Plenty of action at the Eyrie.  The Hound lays dying, but Brienne and Pod have work to do, probably going to the castle.  Meanwhile, Littlefinger and Sansa (and Robin too, who may not be long for this world) run things and hope to control the game of thrones from afar.

In secondary areas, like Dorne and the Iron Islands, nothing but bad news. Will they respond? (And who's running Haarenhal?  For that matter, is anyone ready to take on Walder Frey?)

In general, the action may also be shifting East.  You've still got Dany stuck in Meereen, but her dragons--and the rest of her entourage--are growing.  Only poor Ser Jorah is MIA (while Daario is away for a while). Will Mormont head West or stick around to pine?  Meanwhile, Braavosi coin is funding Stannis's war. (Didn't he promise to take King's Landing?  Will they let him get away with fortifying the Wall?)  Then there's Arya, herself heading to Braavos.  For the longest time everyone seemed headed to King's Landing, but the action is spinning away from it.

Also, for the book readers, has Game Of Thrones finally gone far enough away from the books that they can no longer tell what will happen next?
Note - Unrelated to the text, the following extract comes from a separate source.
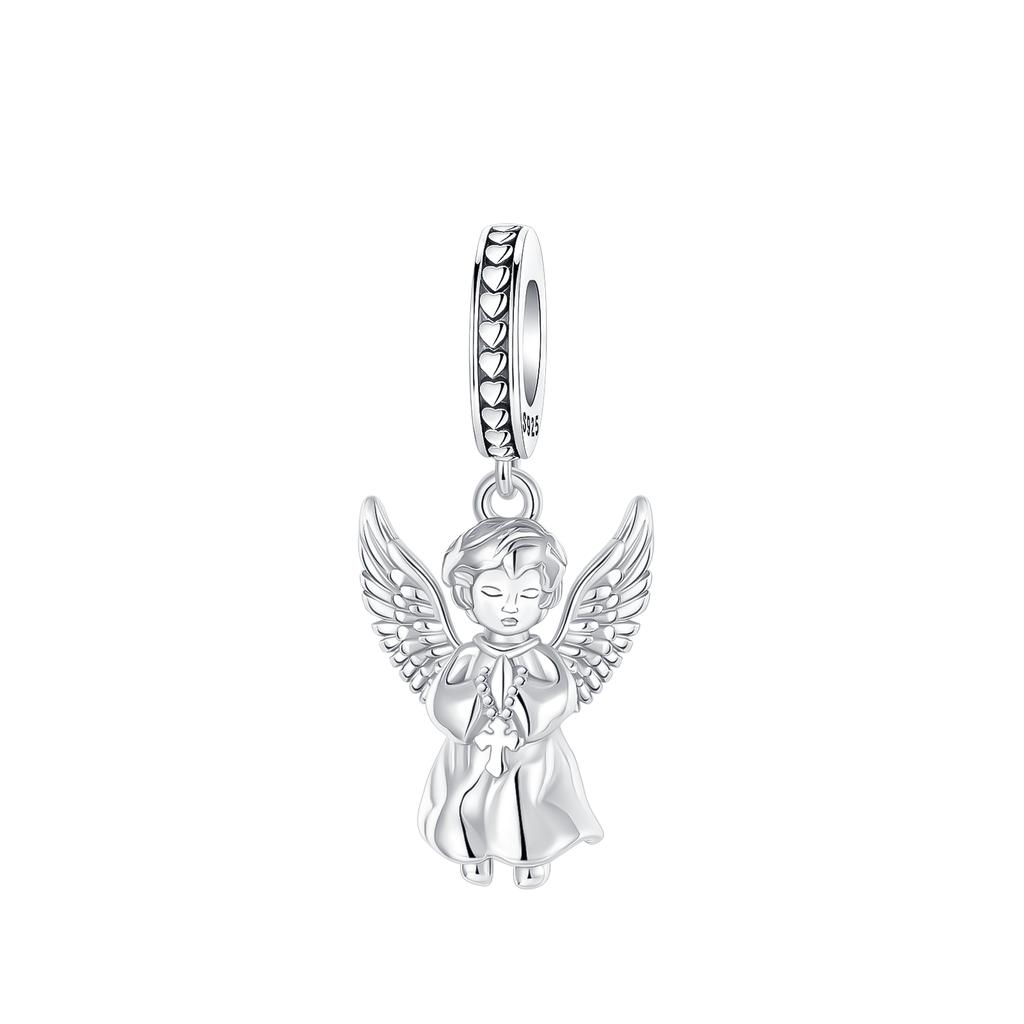 Original Charms Bead Copper Inlaid Zirconium Nun Cross Angel Wing Pendants Fit Bracelet Jewelry Gift Marking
I hope so.  It's hard to read any material on the web without spoilers.  The fourth season reset the show for the TV fans--let's force the readers to think anew on everything, too.


Anonymous Anonymous said...

Random thoughts
-Mance's 100,000 looked like about 100 guys ambling through the woods
-The tree scene was very disappointing- felt like Spielberg's Amazing Stories! (that's not a compliment)- All of the sudden , we're in a summer blockbuster? Ick.
-The general structure of the books is in place with details wildly varying. While I like how they simplified Tyrion's confrontation with Tywin (avoiding the longer story about Tyrion's 13 year old "bride" from years ago), they needlessly simplified the killing of Shae- she tries to wheedle Tyrion in the books and tells him they forced her to it and he just doesn't believe and does her in. In the TV, I guess because he's a fan fav, they try introduce a concept of of self-defense. Too bad.

I think they are on the general structure of the books, but I am counting on the show being a lot tighter and to the point.

4:07 AM, June 17, 2014  
Blogger LAGuy said...

I agree on the paucity of Mance's troops. You'd think with all the CGI Stannis stuff they could have given the King-Beyond-The-Wall a few more ruffians. Though when you think about it, it wouldn't be so easy to mow them all down then, especially if there are any giants left.

I was just happy that Bran finally got to his destination. In the time that he was being dragged up North, Dany had been across Essos and back, conquering cities, gaining an army, and so on. Now maybe Bran can get to the next step in his story, whatever that is. If he's going to fly, maybe it'll move faster.

They seem to have mishandled the Shae story. At first it was a good idea--a whore he brings along with him to King's Landing, and a relationship that blossoms into love, but then you had her constant complaining about how he had to hide his love--didn't she know she'd die otherwise? But the ending of her story, most of which took place offscreen, was almost completely botched.

9:22 AM, June 17, 2014  
Anonymous Anonymous said...

I'm fine with the substance of Bran's story, I just wish the golden tree (and the Skeletors) looked less cheesy. The soaring background music also-telling us dumb viewers that something significant and amazing was coming did not fit the dark and grungy look and feel I have come to expect from HBO's GOT.

10:38 AM, June 17, 2014  
Anonymous Anonymous said...

I'm fine with the substance of Bran's story, I just wish the golden tree (and the Skeletors) looked less cheesy. The soaring background music also-telling us dumb viewers that something significant and amazing was coming did not fit the dark and grungy look and feel I have come to expect from HBO's GOT.